Namun, sebenarnya ada satu pertanyaan yang mengganjal, siapa sesungguhnya penyintas korupsi yang tepat?
Jakarta (ANTARA) - Setidaknya ada dua hal yang baru pertama kali dilakukan oleh Komisi Pemberantasan Korupsi (KPK) pada tanggal 31 Maret 2021, pertama adalah menerbitkan surat perintah penghentian penyidikan (SP3) dan kedua adalah program penyuluhan antikorupsi untuk para narapidana kasus korupsi.

Pertama, SP3 tersebut untuk menghentikan penyidikan kasus dugaan korupsi terkait dengan pemenuhan kewajiban pemegang saham Bank Dagang Nasional Indonesia (BDNI) selaku obligor Bantuan Likuiditas Bank Indonesia (BLBI) kepada Badan Penyehatan Perbankan Nasional (BPPN) yang diduga merugikan negara hingga Rp4,58 triliun.

Dua tersangka yang dihentikan penyidikannya adalah pemegang saham pengendali BDNI: Sjamsul Nursalim dan Itjih Nursalim.

Keduanya ditetapkan sebagai tersangka pada tanggal 13 Mei 2019 karena diduga melakukan tindak pidana korupsi bersama-sama dengan Ketua BPPN 2002—2004 Syafruddin Arsyad Temenggung.

Namun, sejak ditetapkan sebagai tersangka, baik Sjamsul maupun Itjih, belum pernah diperiksa, baik sebagai saksi maupun tersangka di tingkat penyidikan meski KPK sudah mengirimkan surat pemberitahuan dimulainya penyidikan terhadap keduanya ke tiga lokasi, yaitu The Oxley, Cluny Road, dan Head Office of Giti Tire Pte. Ltd. (keduanya berlokasi di Singapura) dan ke satu alamat di Simprug, Grogol Selatan, Kebayoran Lama, Jakarta Selatan.

Ikhwal penerbitan SP3 untuk Sjamsul dan Itjih Nursalim tersebut disampaikan oleh Wakil Ketua KPK Alexander Marwata.

Baca juga: Pakar: KPK bisa lanjutkan penyidikan Sjamsul Nursalim dan Itjih

Sebagai bagian dari penegak hukum, dalam setiap penanganan perkara KPK memastikan akan selalu mematuhi aturan hukum yang berlaku.

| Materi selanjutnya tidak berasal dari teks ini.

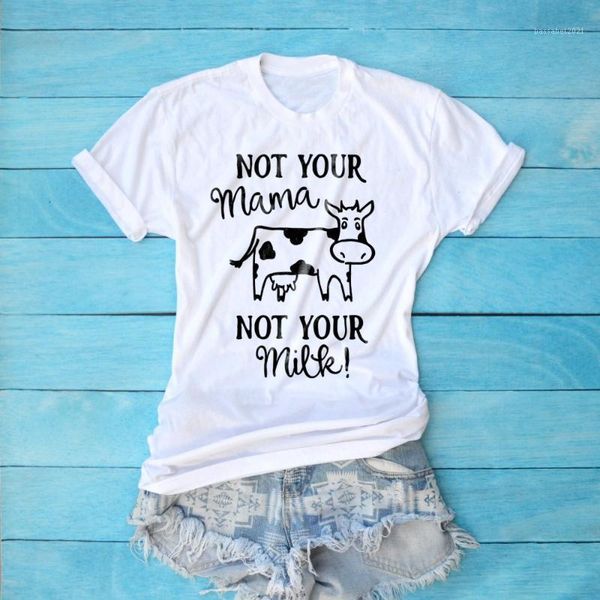 women's t-shirt vegan shirt not your mom milk animal rights cow graphic grunge aesthetic tumblr tee, White
women's t-shirt vegan shirt not your mom milk animal rights cow graphic grunge aesthetic tumblr tee, White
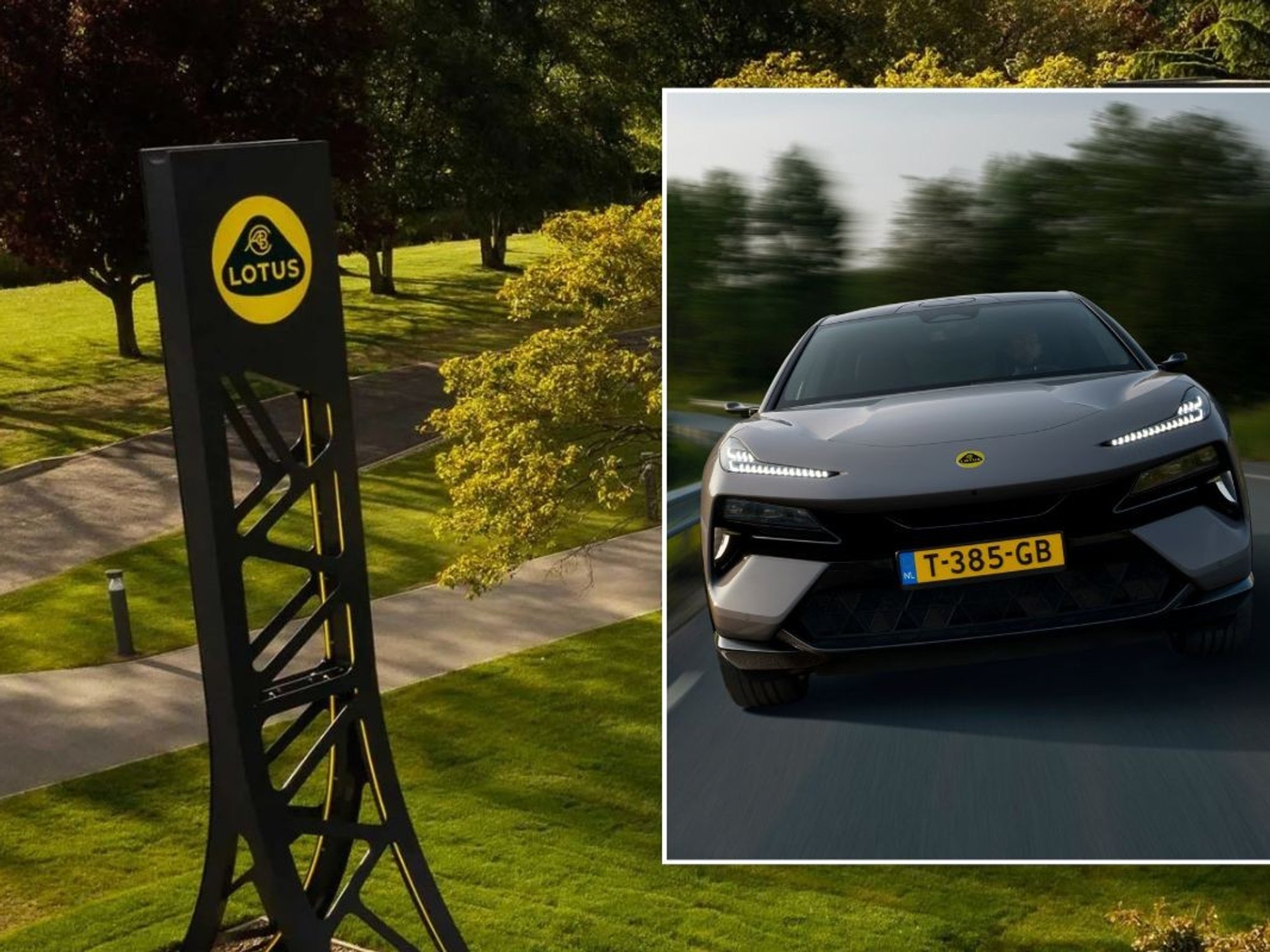 Lotus factory and a Lotus Eletre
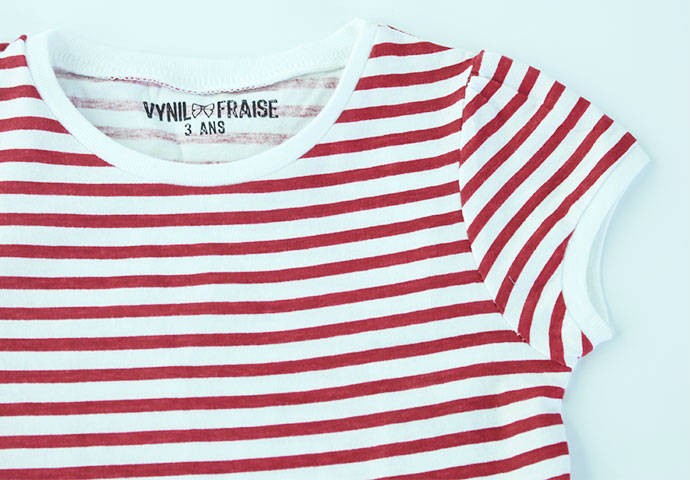 تی شرت دخترانه 100390 سایز 3 تا 10 سال مارک VIYNIL FRAIST
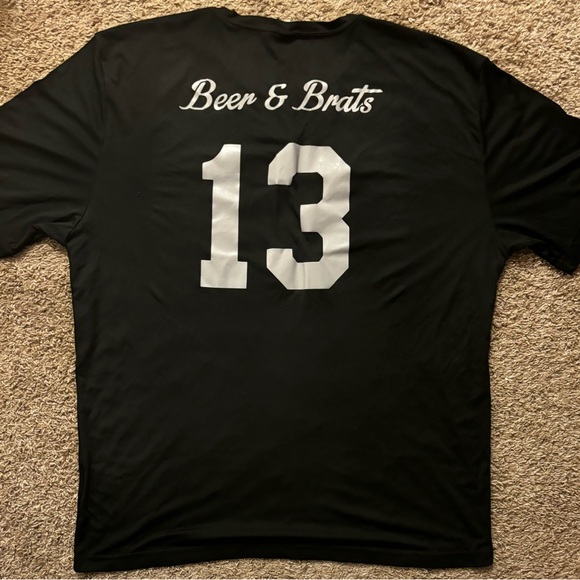 NWOT SportsTek Men 2XL black t-shirt Athletic shirt Representing a team No flaws - Picture 8 of 10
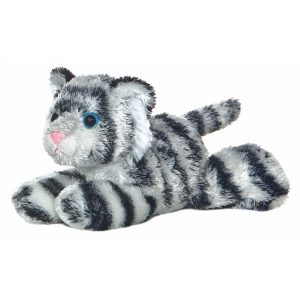 8" Shazam the Stuffed White Tiger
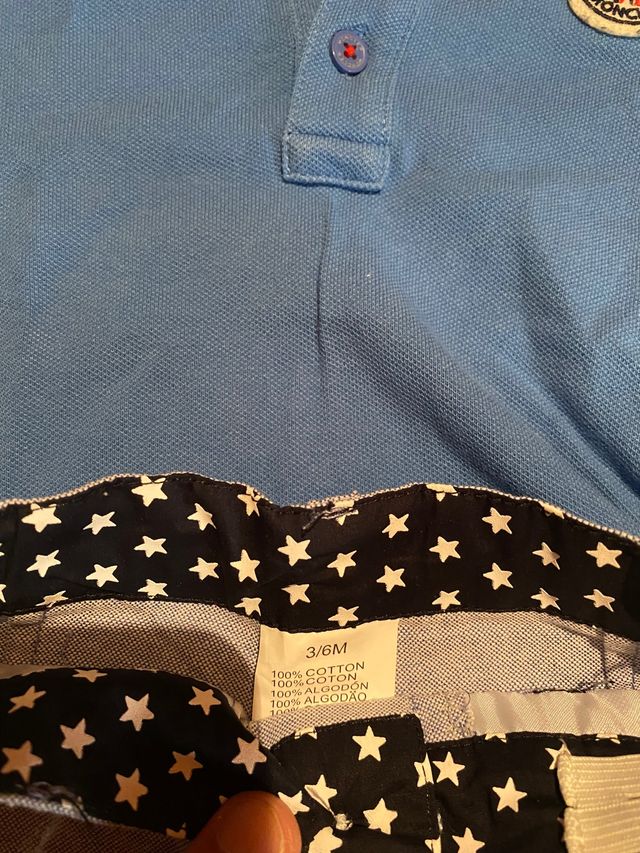 Completino pantaloni e maglietta taglia 6/9 mesi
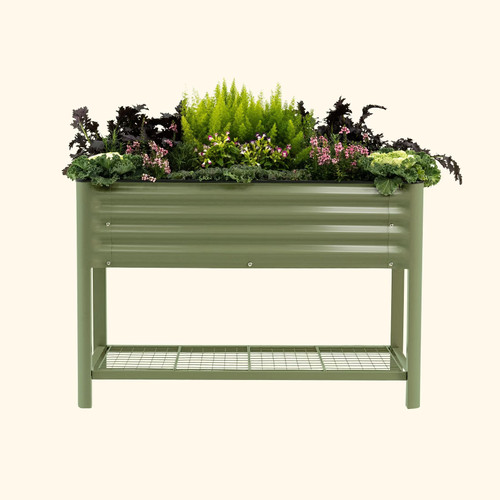Vego Garden Elevated Garden Bed 2ft x 4ft Olive Green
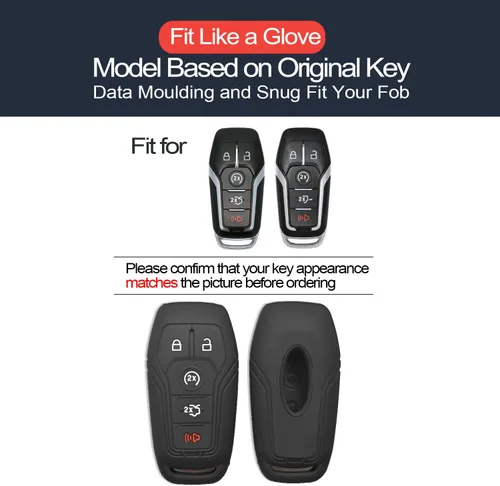 Miniatura 2 de 2 piezas compatibles con Ford Edge Fusion Explorer Mustang F-150 F-250 F-350 F-450 Super Duty Expedition Lincoln MKC MKX MKZ Nautilus Funda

Penghentian penyidikan ini, kata Alexander dalam konferensi pers di Gedung KPK, Kamis (1/4), sebagai bagian adanya kepastian hukum dalam penegakan hukum.

Kepastian hukum tersebut harus diterapkan setelah penolakan permohonan peninjauan kembali (PK) yang diajukan KPK ke Mahkamah Agung (MA) terhadap putusan kasasi Syafruddin Arsyad Temenggung pada tanggal 16 Juli 2020.

PK tersebut ditolak MA karena menurut hakim penelaah MA dan berdasarkan memorandum Kasubdit Perkara PK dan Grasi Pidana Khusus pada MA ternyata permohonan PK tersebut tidak memenuhi persyaratan formil.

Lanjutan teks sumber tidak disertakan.